What the task asks | Transcribe the data in full and exactly, omitting any pictures.

Given data |
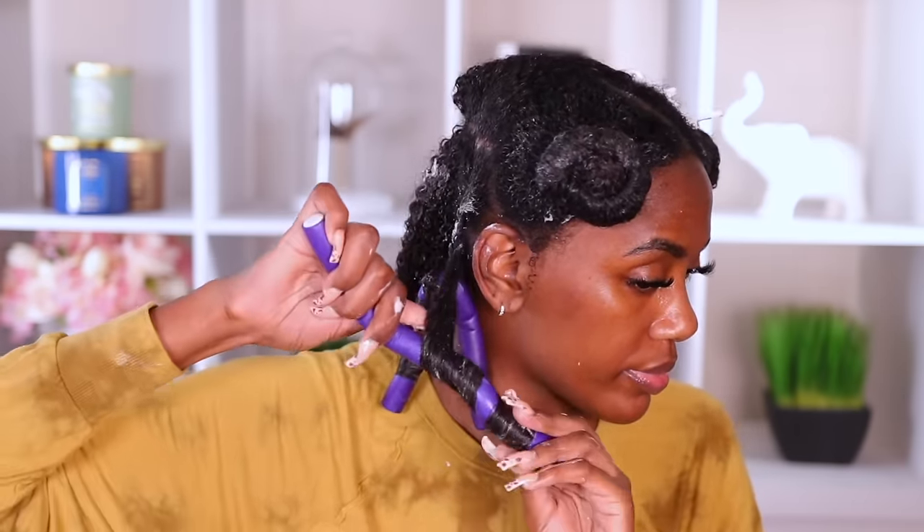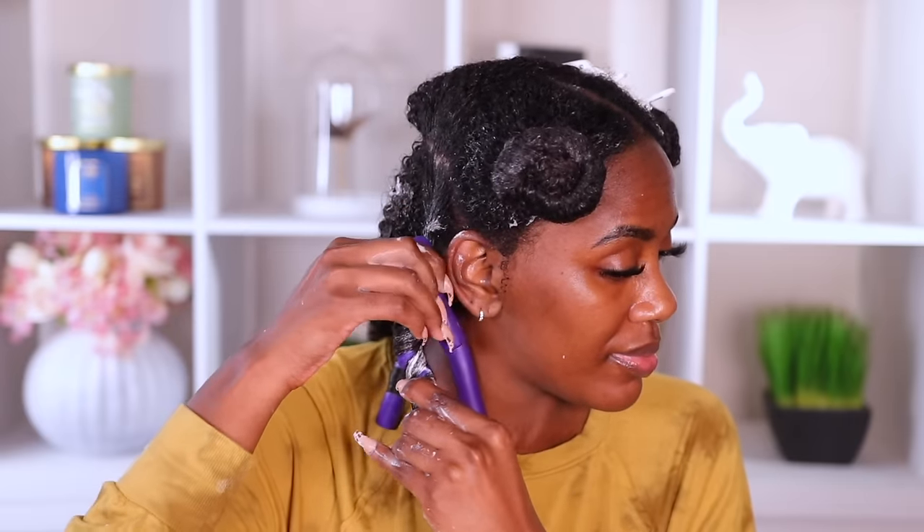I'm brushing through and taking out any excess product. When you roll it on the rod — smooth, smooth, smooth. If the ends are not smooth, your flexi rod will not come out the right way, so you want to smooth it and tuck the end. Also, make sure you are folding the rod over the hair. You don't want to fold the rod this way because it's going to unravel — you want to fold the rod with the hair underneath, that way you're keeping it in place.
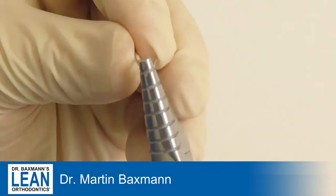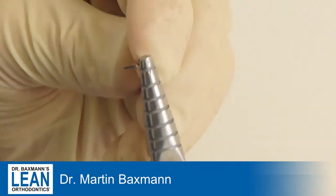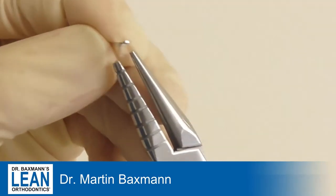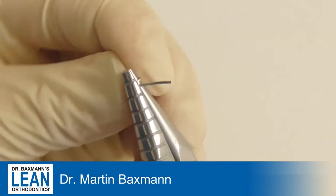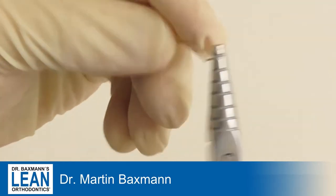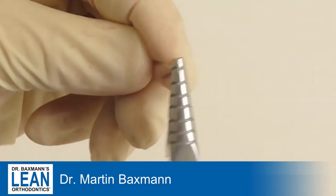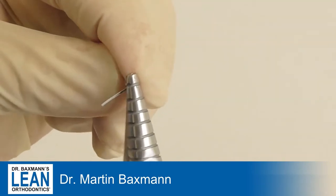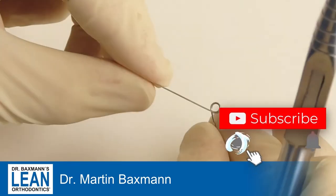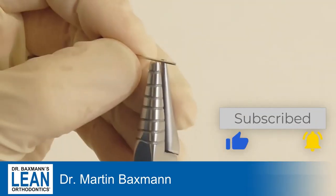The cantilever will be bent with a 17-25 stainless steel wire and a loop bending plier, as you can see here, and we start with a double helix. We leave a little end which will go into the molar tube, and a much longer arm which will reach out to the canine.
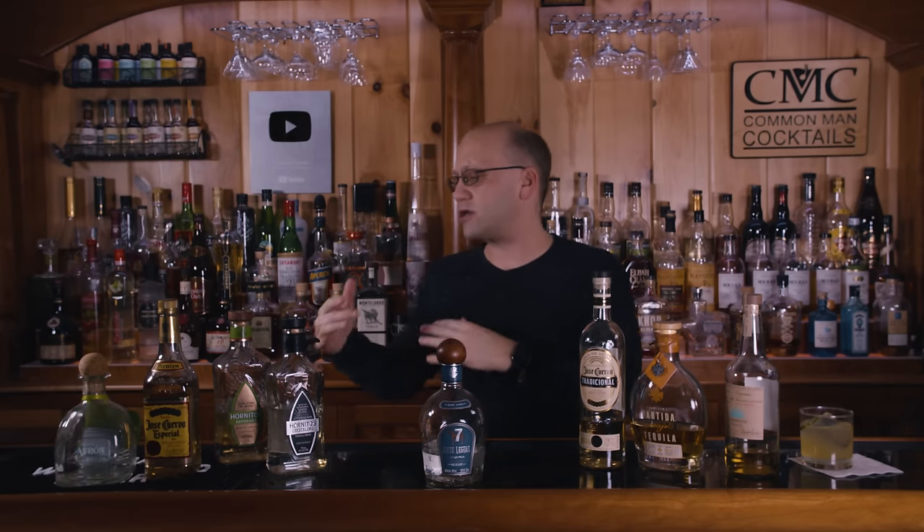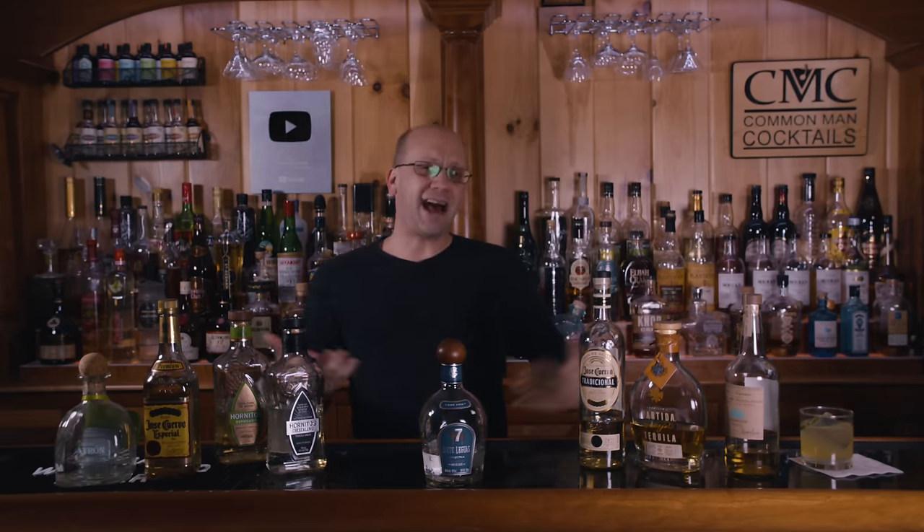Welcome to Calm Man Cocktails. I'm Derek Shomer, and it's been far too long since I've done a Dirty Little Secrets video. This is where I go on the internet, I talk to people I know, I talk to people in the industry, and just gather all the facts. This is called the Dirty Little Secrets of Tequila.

Your solution |
I'm brushing through and taking out any excess product. When you roll it on the rod — smooth, smooth, smooth. If the ends are not smooth, your flexi rod will not come out the right way, so you want to smooth it and tuck the end. Also, make sure you are folding the rod over the hair. You don't want to fold the rod this way because it's going to unravel — you want to fold the rod with the hair underneath, that way you're keeping it in place.
The cantilever will be bent with a 17-25 stainless steel wire and a loop bending plier, as you can see here, and we start with a double helix. We leave a little end which will go into the molar tube, and a much longer arm which will reach out to the canine.
Welcome to Calm Man Cocktails. I'm Derek Shomer, and it's been far too long since I've done a Dirty Little Secrets video. This is where I go on the internet, I talk to people I know, I talk to people in the industry, and just gather all the facts. This is called the Dirty Little Secrets of Tequila.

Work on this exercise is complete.